> **PROVIDED MATERIAL**
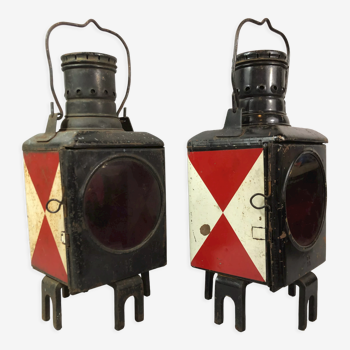 Pair of old lanterns tail car train Deutsche Bahn SNCF locomotive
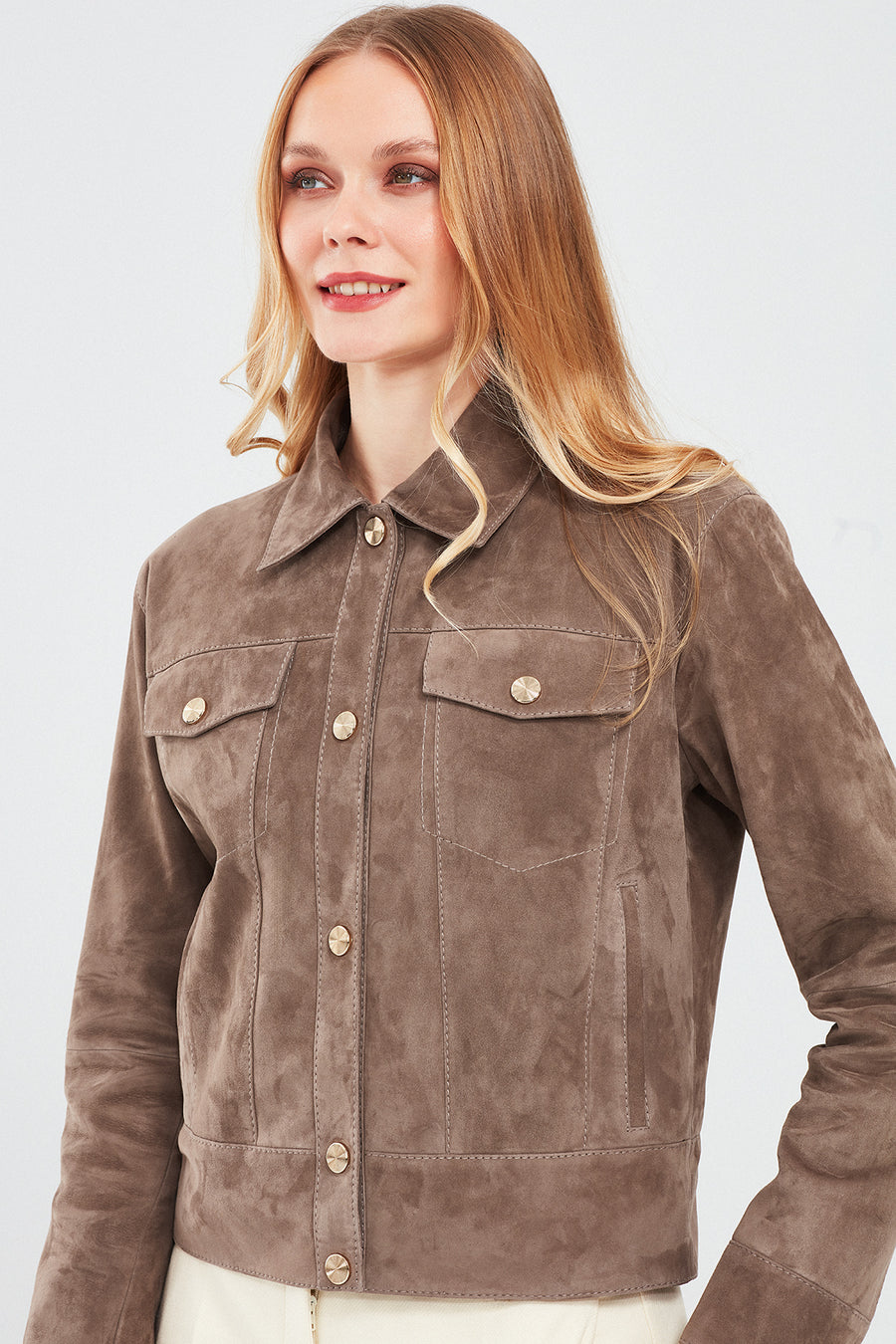 Amber Women's Mink Shirt Collar Short Suede Leather Jacket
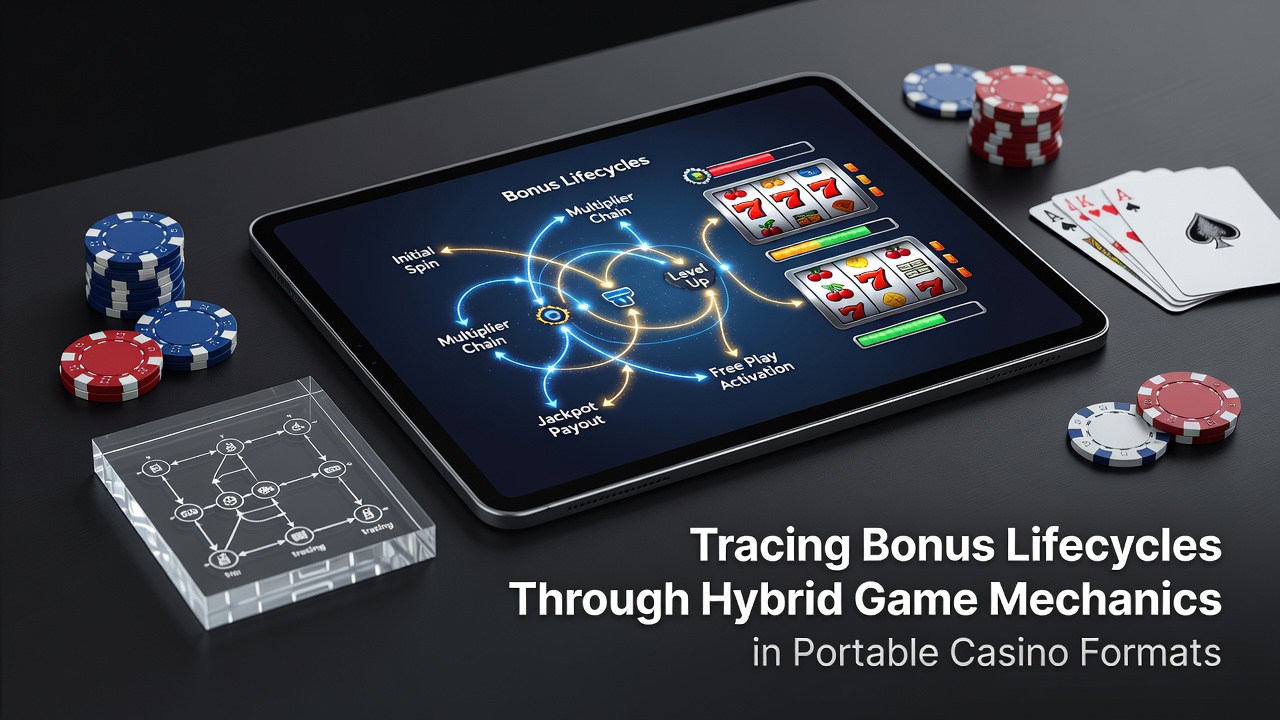 Mobile casino interface displaying hybrid game elements with bonus indicators and progress trackers on a portable device screen
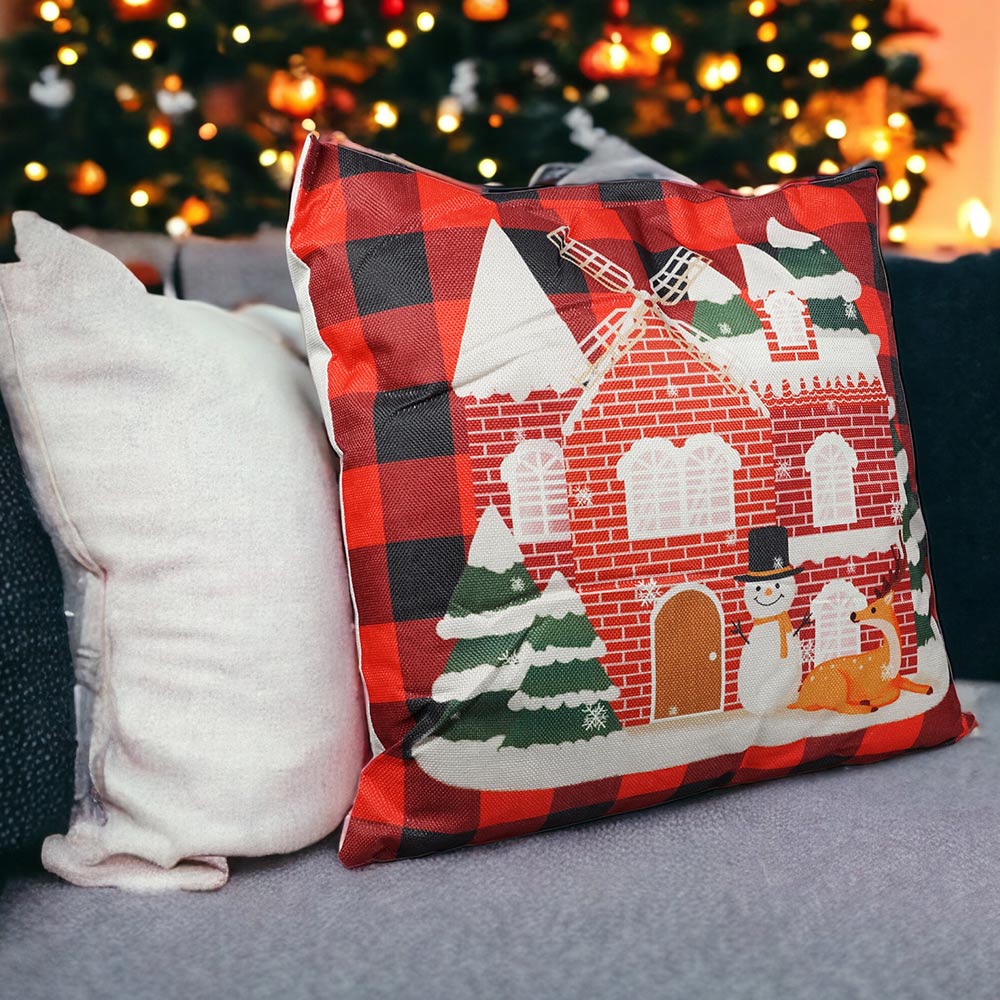 Xmas Haus Christmas-Themed Red Check Windmill Cushion 45 x 45cm Image 2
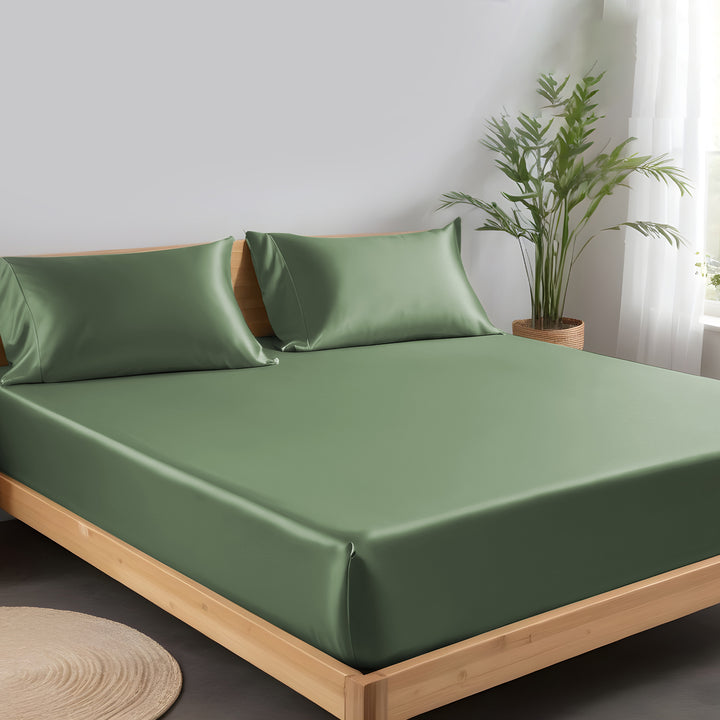 Bamboo Silk fitted Bedsheet Avocado Green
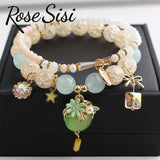 Opal Pendant 2-Piece Bracelets for Women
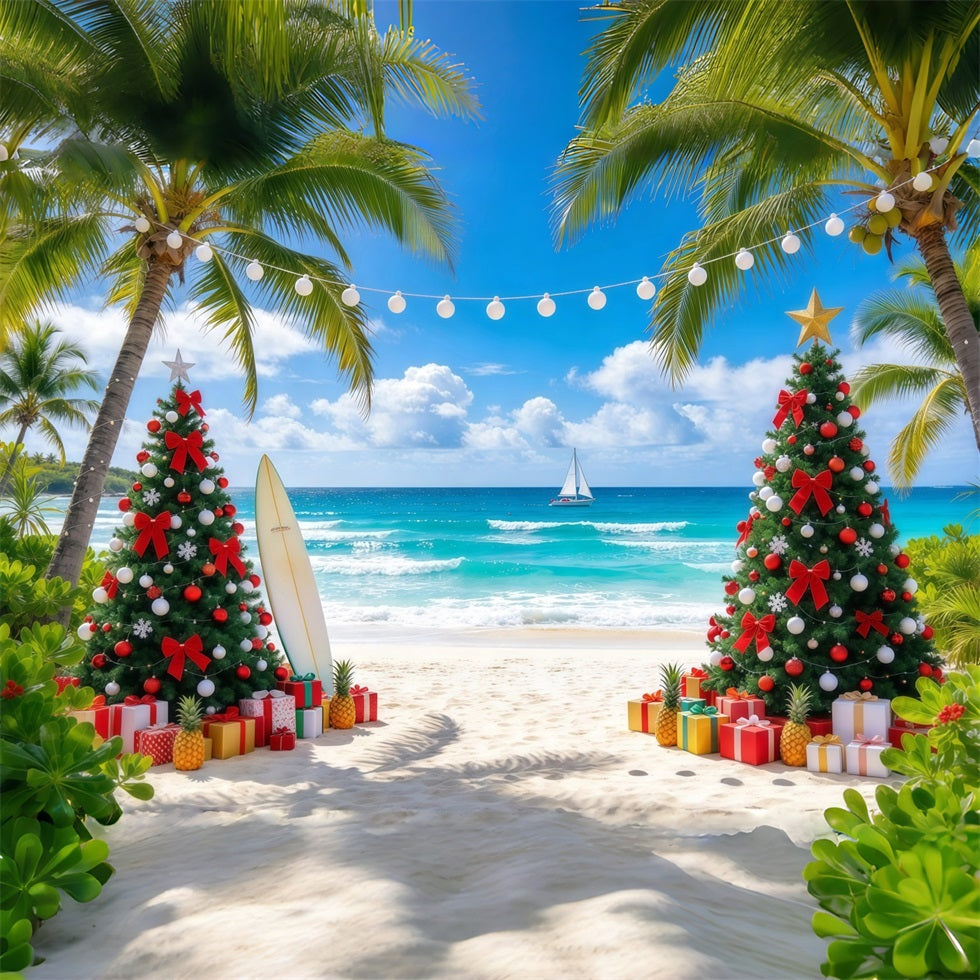 Tropischer Weihnachtshintergrund Palme Meer Strand Surfbrett GQ610-7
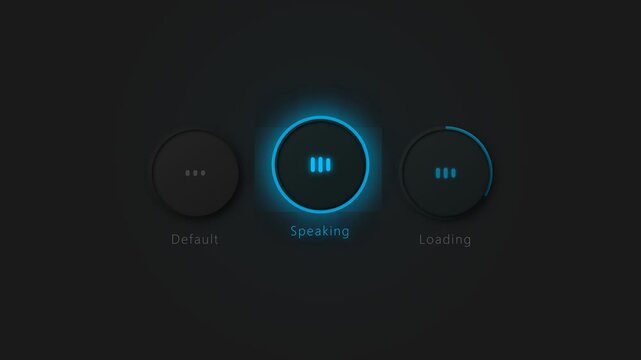 Futuristic Voice Assistant User Interface Showing Speaking Loading and Default States for Smart Device Apps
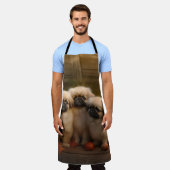 Pekingese Puppy Herfst Verrukking Pompoen Schort (Gedragen)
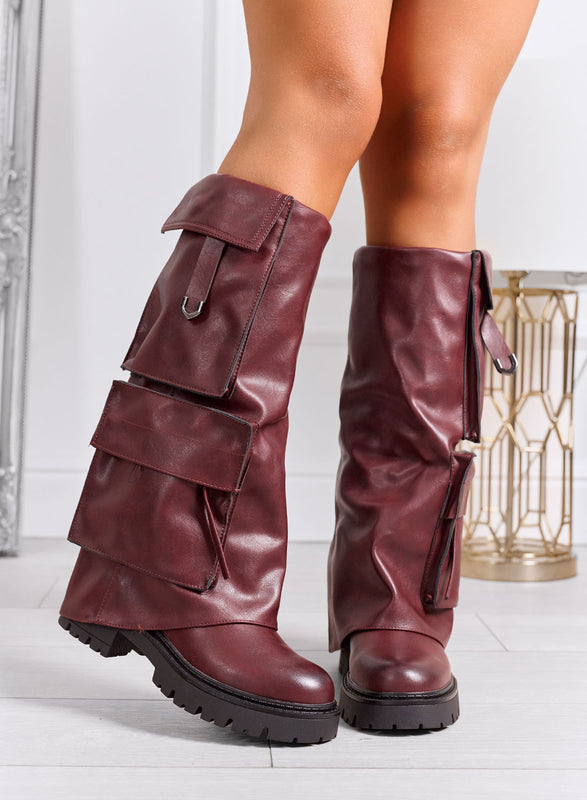 TEXI - Burgundy knee-high boots with side pockets and chunky sole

> **PROBLEM TO SOLVE**
Copy the entries exactly. No pictures.

> **EXPECTED ANSWER**
 Pair of old lanterns tail car train Deutsche Bahn SNCF locomotive
 Amber Women's Mink Shirt Collar Short Suede Leather Jacket
 Mobile casino interface displaying hybrid game elements with bonus indicators and progress trackers on a portable device screen
 Xmas Haus Christmas-Themed Red Check Windmill Cushion 45 x 45cm Image 2
 Bamboo Silk fitted Bedsheet Avocado Green
 Opal Pendant 2-Piece Bracelets for Women
 Tropischer Weihnachtshintergrund Palme Meer Strand Surfbrett GQ610-7
 Futuristic Voice Assistant User Interface Showing Speaking Loading and Default States for Smart Device Apps
 Pekingese Puppy Herfst Verrukking Pompoen Schort (Gedragen)
 TEXI - Burgundy knee-high boots with side pockets and chunky sole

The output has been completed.